Consider the following problem:
\begin{equation} \begin{aligned} P:= \min_{x_1,x_2} & f(x_1,x_2) \\\text{s.t. } x_1x_2 &\leq 1,\\ -10x_1-x_2 &\leq -6,\\ x_1 &\in [0,1.5],\\ x_2 &\in [1,4]. \end{aligned} \end{equation}
The feasible region for this problem corresponds to the red area in Figure 1, denoted as \Omega.
Notice that although the range of the variable x_1 is originally [0,1.5], the feasible region in the figure only admits values of x_1 between 0.2 and 1 (red dashed lines in Figure 1). Knowing this, it is then logical to change the bounds of x in the original problem from x_1 \in [0,1.5] to x_1 \in [0.2,1] (i.e., tightening the bounds of x_1).
This change will make other calculations and techniques used by Octeract Engine more effective (e.g., relaxations and branching).

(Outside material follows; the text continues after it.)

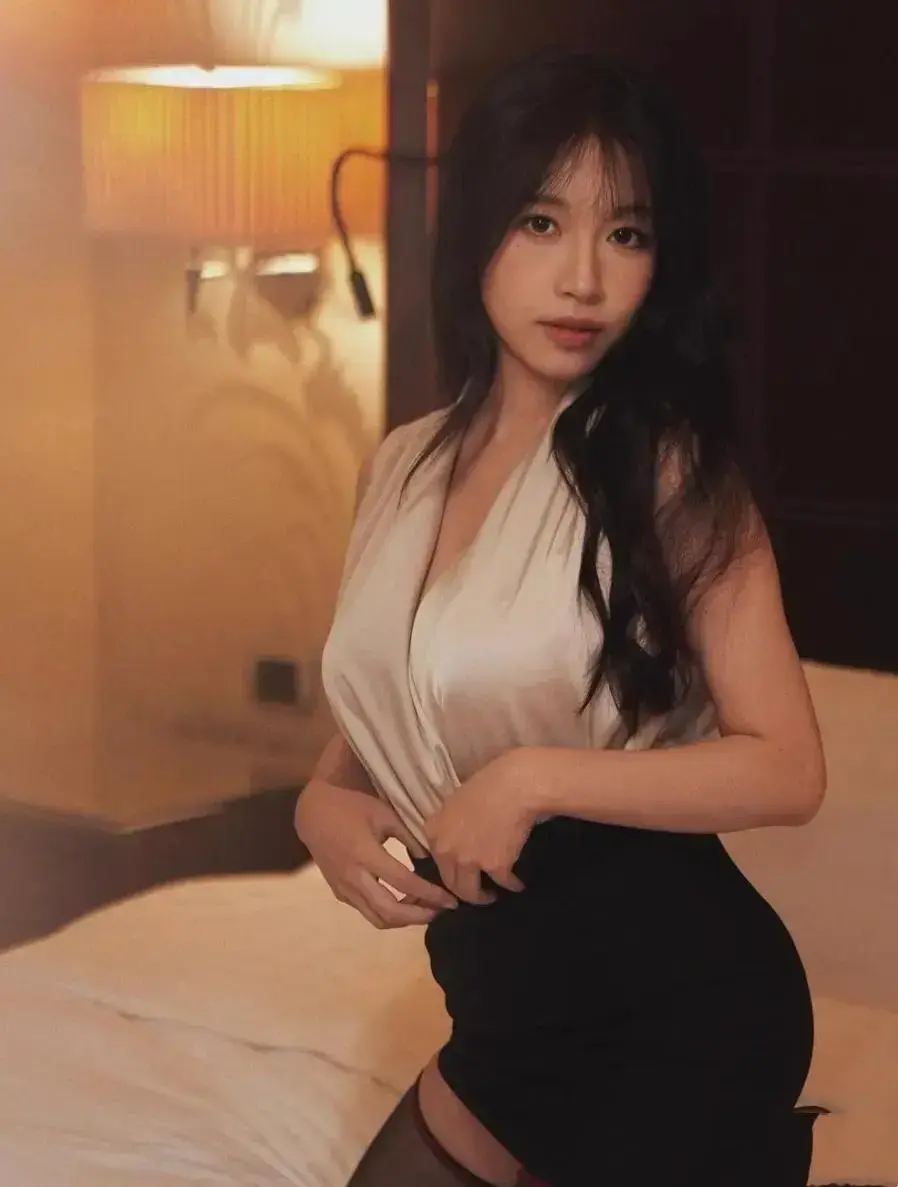 《小凤新婚》全集完整版在线免费放送-苏畅艾熙双人演绎无删减-小凤新婚高清直链秒播放无弹窗-免登录极速秒存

In general, for a problem \min_{x \in \Omega} f(x) we would like to find the tightest bounds for each variable x_i, i.e., find the lower bound l_i^\star = \min_{x \in \Omega} x_i, and upper bound u_i^\star = \max_{x \in \Omega} x_i.
However, unlike our previous example, it is not easy to solve the problems \min_{x \in \Omega} x_i and \max_{x \in \Omega} x_i, and a different approach is required. Feasibility based bounds tightening (FBBT) , Optimisation based bounds tightening (OBBT) and Constraint propagation (CP), are some of the algorithmic techniques implemented in Octeract Engine to approach this important task.